12-13-2021 12:44 PM
I'm getting the below error after loading my commoncert.cer to CMS when run a "PKI inspect" I posted a question early but at almost 100 views and no answer. I wonder if I'm asking the wrong thing. Attempting to set up CMS. WE have three server CMS1,2,and 3. I create the commoncert.csr on CMS 1. Submitted to my authority for signing. Received them back. Attempting to upload back to CMS with required bundles but lost.
"Checking ssh public keys...not found
Checking user configured certificates and keys...found
File contains a PEM encoded certificate"
11-10-2025 10:42 AM - edited 11-10-2025 11:32 AM
Hi dear @oquindle.bennett
I had the same issue — normalizing the PEM format fixed it.
CMS is very strict about certificate header/footer structure..
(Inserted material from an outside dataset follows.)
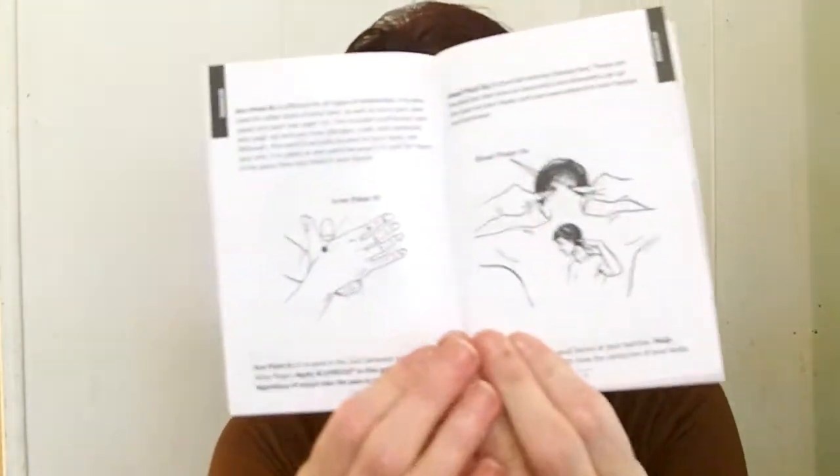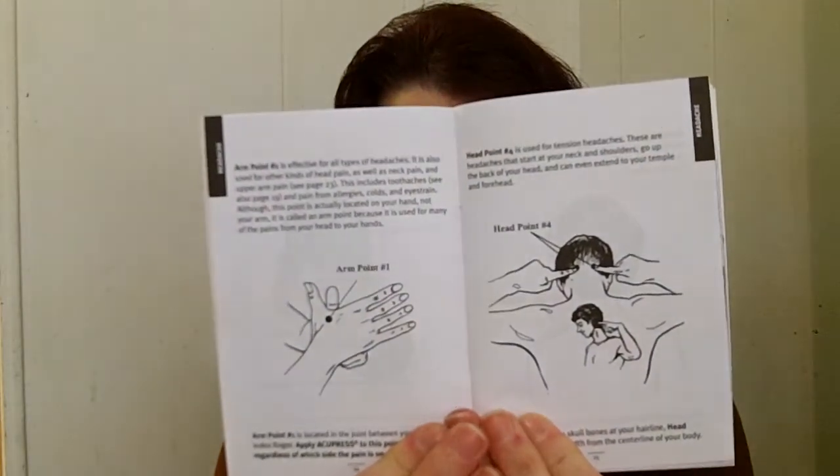They have this done very scientifically, so you get the book and you want to read it because it's going to tell you, with illustrations, where you put the dabs of cream. The way this works is it will show you the pressure points to apply a small amount of the Acupress.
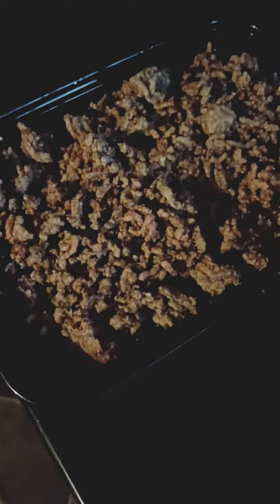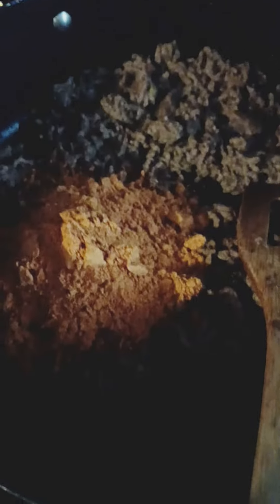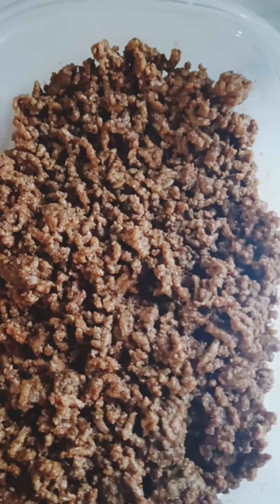I'm getting the meat ready to separate — one for the tacos and one for the spaghetti. I had two pounds of meat, so I used two taco seasoning mixes, added that in there, added some water, stirred it around until it was all mixed up, and that's the taco meat.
You can read this instruction.. to fix your issue >>
It looks like your certificate is in PEM format but not properly normalized,
so Cisco Meeting Server (CMS) can’t fully parse it when you run pki inspect.
CMS is very strict about certificate formatting — it only accepts clean PEM or DER files with standard headers.
Here’s what you should check and do:
#1. Confirm the format.The file must begin and end exactly like this:
-----BEGIN CERTIFICATE-----
(Base64 content, no spaces)
-----END CERTIFICATE-----
If those headers or line breaks are missing or inconsistent, CMS won’t recognize the file correctly.
#2. Remove any extra characters or BOM.
Open the file in a plain-text editor (like vi, nano, or Notepad++) and make sure there are no blank lines, spaces, or hidden BOM characters before the “BEGIN CERTIFICATE”.
#3. Convert or normalize the certificate (if needed).
If you suspect corruption or mixed format:
Use OpenSSL to re‑export a clean PEM:
openssl x509 -in commoncert.cer -out commoncert-normalized.pem
Then upload and inspect this normalized file on CMS:
pki inspect commoncert-normalized.pem
#4. If this is the signed certificate for your CSR:Make sure you import it with the matching private key name you used when generating the CSR (for example, callbridge or webadmin):
pki import cert callbridge /tmp/commoncert-normalized.pem
The certificate’s public key must match the private key stored on CMS, otherwise TLS setup will fail.
#5. If your CA provided a certificate chain:Combine all CA and intermediate certificates into a single file (each block has its own BEGIN/END lines):
-----BEGIN CERTIFICATE-----
(Server cert)
-----END CERTIFICATE-----
-----BEGIN CERTIFICATE-----
(Intermediate)
-----END CERTIFICATE-----
-----BEGIN CERTIFICATE-----
(Root)
-----END CERTIFICATE-----
Then import that chain:
pki import chain chain.pem
After those steps, pki inspect should show Subject, Issuer, and Validity details — confirming the CMS now recognizes it properly.